[Data to process — start]

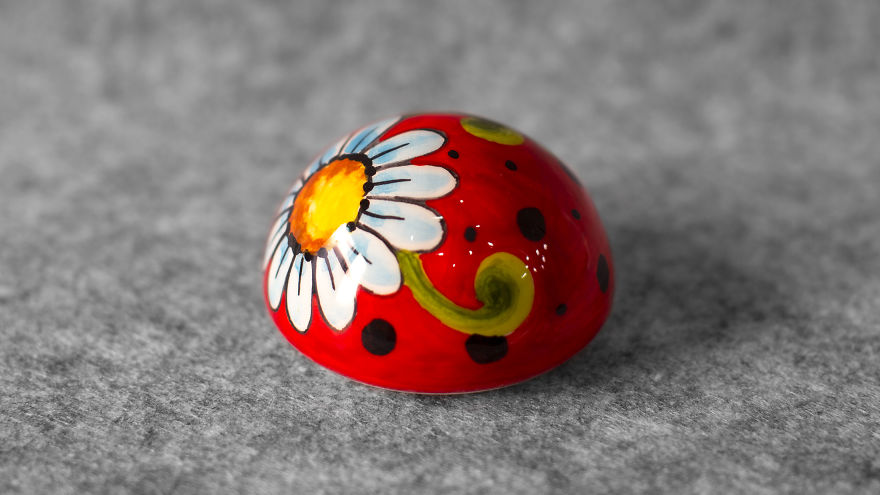 Ceramic Ladybug Figurine Hand Painted And Finished To The Smallest Details With Love In Italy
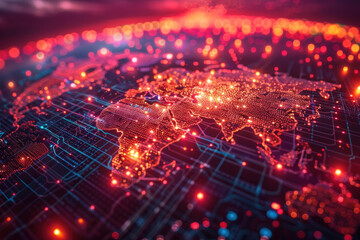 Digital map of the world, made in bright neon colors. The map is a collection of luminous dots and lines connecting different regions of the planet, creating the impression of a global network.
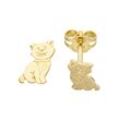 Paar Ohrstecker JOBO "Katze", gold (gelbgold 333), Ohrringe, Damen, Gelbgold 333, 333 Gold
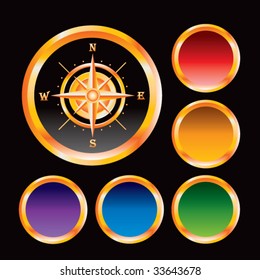 compass on round multicolored web button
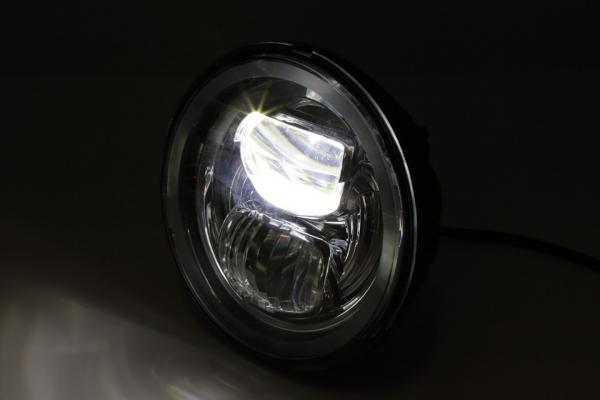 LED Hauptscheinwerfereinsatz Typ 7 - 5.75", Standlichtring - Chrom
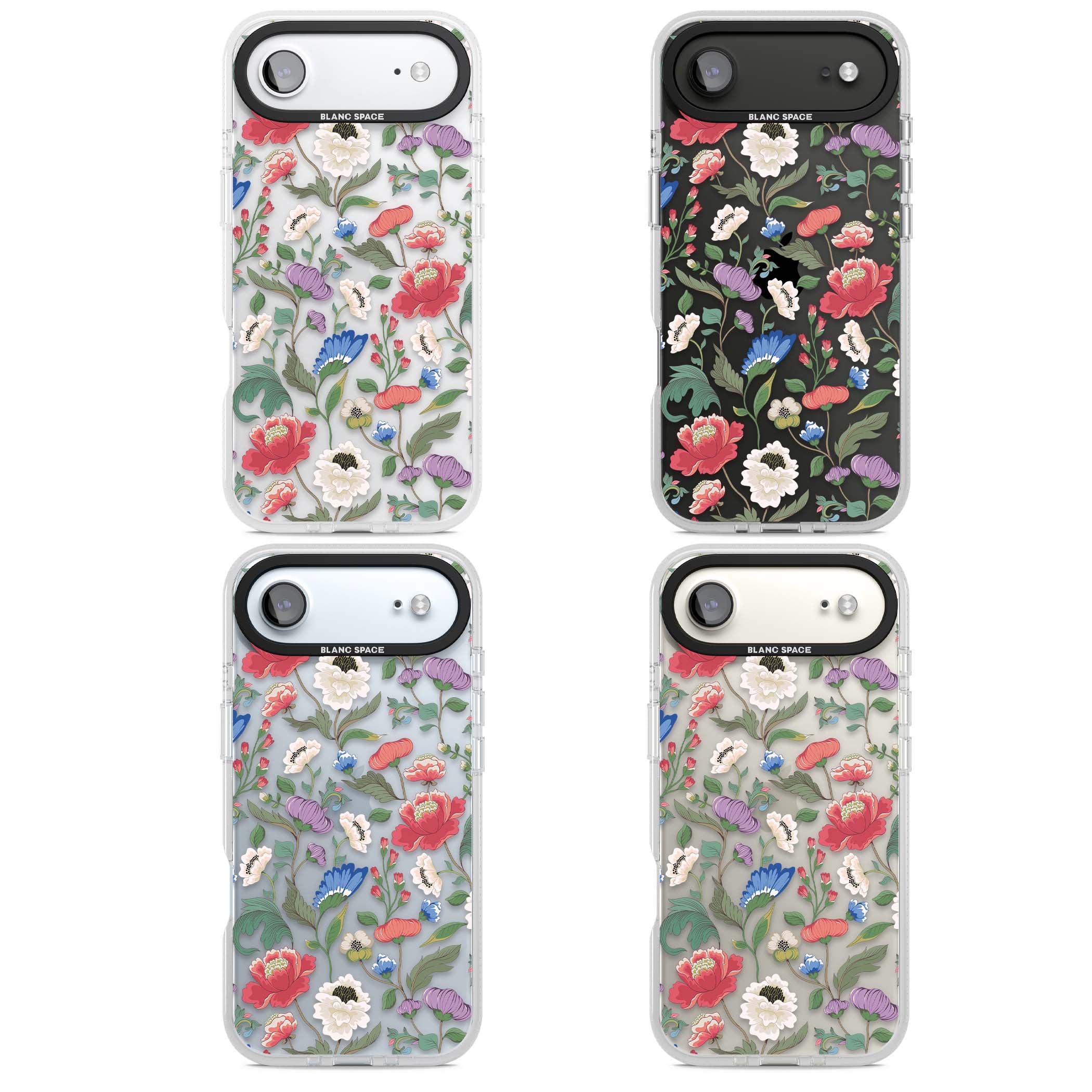 Chinoiserie Bloom vintage floral iPhone case featuring hand-painted peonies, poppies and trailing wildflowers on clear... | Clear Case Impact Air case for iPhone Air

[Data to process — finish]

## Task to carry out:
With the pictures left out, output the lines from the one containing "Digital map of" through the last line of the records above, exactly as they are.

## Exercise response:
 Digital map of the world, made in bright neon colors. The map is a collection of luminous dots and lines connecting different regions of the planet, creating the impression of a global network.
 Paar Ohrstecker JOBO "Katze", gold (gelbgold 333), Ohrringe, Damen, Gelbgold 333, 333 Gold
 compass on round multicolored web button
 LED Hauptscheinwerfereinsatz Typ 7 - 5.75", Standlichtring - Chrom
 Chinoiserie Bloom vintage floral iPhone case featuring hand-painted peonies, poppies and trailing wildflowers on clear... | Clear Case Impact Air case for iPhone Air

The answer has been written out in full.